UPDATED at 12:45 p.m. to include reaction from bill's sponsor and Missouri Catholic Conrference.
JEFFERSON CITY • Gov. Jay Nixon today vetoed a bill that would have allowed employers and insurers to decide not to provide coverage for abortion, contraception or sterilization if such procedures run contrary to their religious beliefs or moral convictions.
The move, a sensitive one for the Democratic governor seeking re-election this fall, sets up a confrontation with the Republican-led Legislature. The bill's sponsor, Sen. John Lamping, R-Ladue, said he would seek to override the veto in September.
Nixon said Missouri law already provides "strong religious protections" that let employers and employees abstain from paying for contraceptive coverage based on their beliefs.
In fact, he said, the bill would undermine the current protections because it would let an insurance company "impose its will, and deny inclusion of contraceptive coverage, even if that position is inconsistent with the rights and beliefs of the employee or employer."
At a news conference in his Capitol office this morning, Nixon said he vetoed the bill because "we want families making these decisions -- not insurance companies."
Supporters of the bill called the governor's reasoning "bogus" and "a made-up argument."
"I think he's just trying to thread the political needle," Lamping said.
"No one else in the entire Capitol ever had an objection" that insurers would thwart an employer's request to include coverage for services such as contraception and abortion, Lamping said.
"It's kind of a made-up argument," the senator said.
Lamping said he believes he would have enough votes to override the veto when the Legislature meets for its annual veto session in September.

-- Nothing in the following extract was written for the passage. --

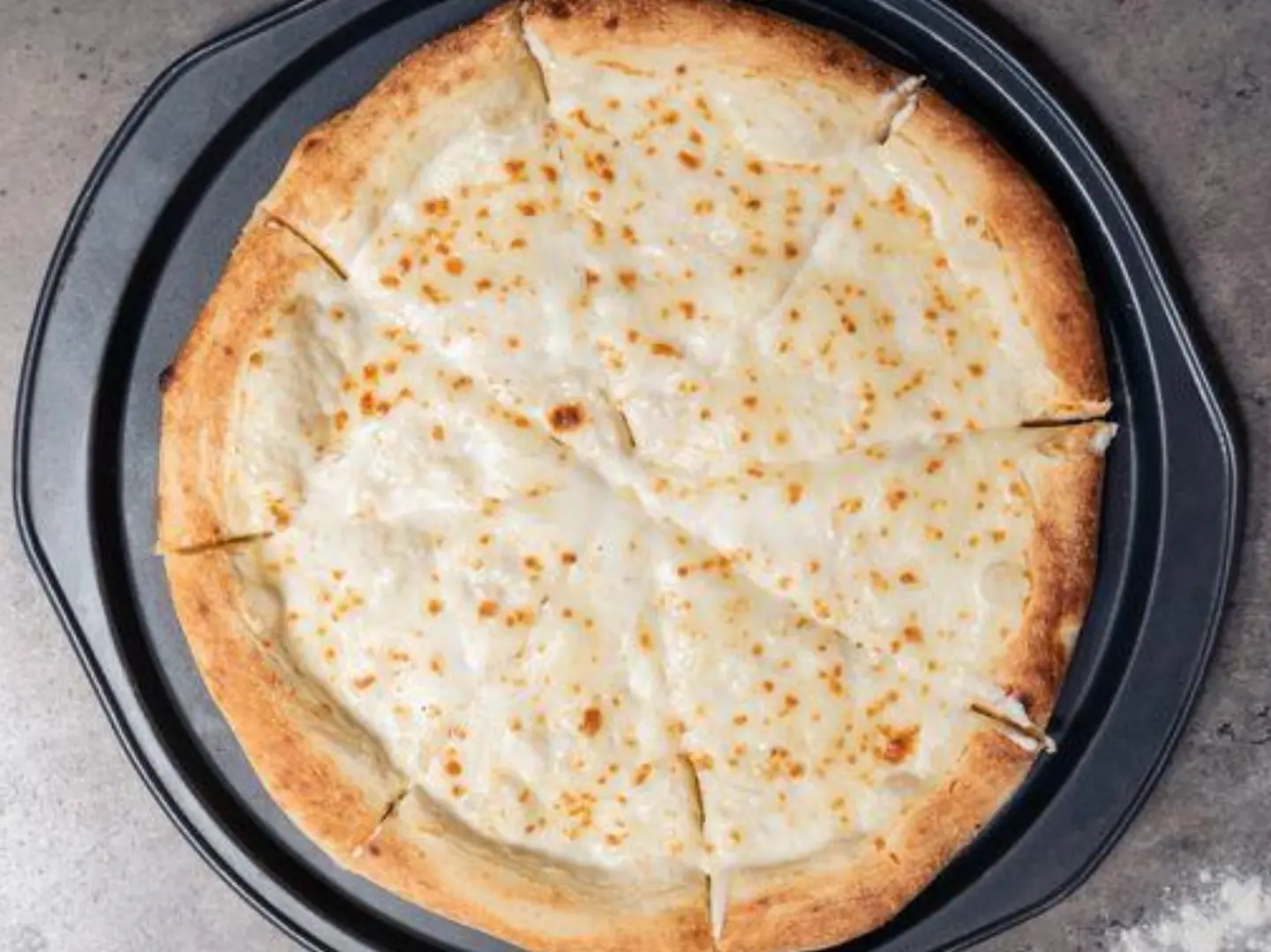 Liquid Cheese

The bill is SB749. It passed in May on votes of 105-33 in the House and 28-6 in the Senate. An override would require 109 votes in the House and 23 votes in the Senate.
Lamping said it was important to pass his bill because a federal Affordable Care Act provision -- which requires employers to provide health insurance coverage for contraceptives, with some exceptions -- will take effect in August.
While his bill would put Missouri in conflict with that federal policy "I'd rather be in keeping with the federal constitution than an administrative rule" on the federal level, Lamping said.
But Cheryl Dillard, a retired insurance executive in Kansas City, said the bill would put insurers in a difficult situation.
"Either carriers would be breaking the federal law or they would be breaking state law," she said. "The governor's veto is a good thing for Missouri's insurance carriers and employers."
Nixon said in his veto message that nothing in the bill would have enhanced the state's "substantive religious protections that have been in place and afforded to employees and employers" for years under Missouri law.
Mike Hoey, executive director of the Missouri Catholic Conference, said that was inaccurate, because the bill would have required insurers to issue policies that exclude contraception or abortion when an employer requests it. Under current law, the insurer can tell the employer to find a different insurer, Hoey said.
Like Lamping, Hoey said Nixon based his veto on a "theoretical interpretation" of how insurers would act. "That's just not going to happen, on a practical level," he said, calling Nixon's argument "bogus."
The governor also vetoed a bill that would have reinstated local sales taxes on vehicles purchased out of state. The bill is HB1329.
A Missouri Supreme Court ruling knocked out the tax in cities and counties where voters have not approved local use taxes.
Nixon said that in reinstating the tax, the Legislature's plan would have circumvented the local referendum process, in defiance of the Supreme Court's directive....and deny voters the ability to approve or reject a local use tax on such purchases."
He noted that more than 90 cities and 40 counties have approved a local use tax and were unaffected by the court ruling.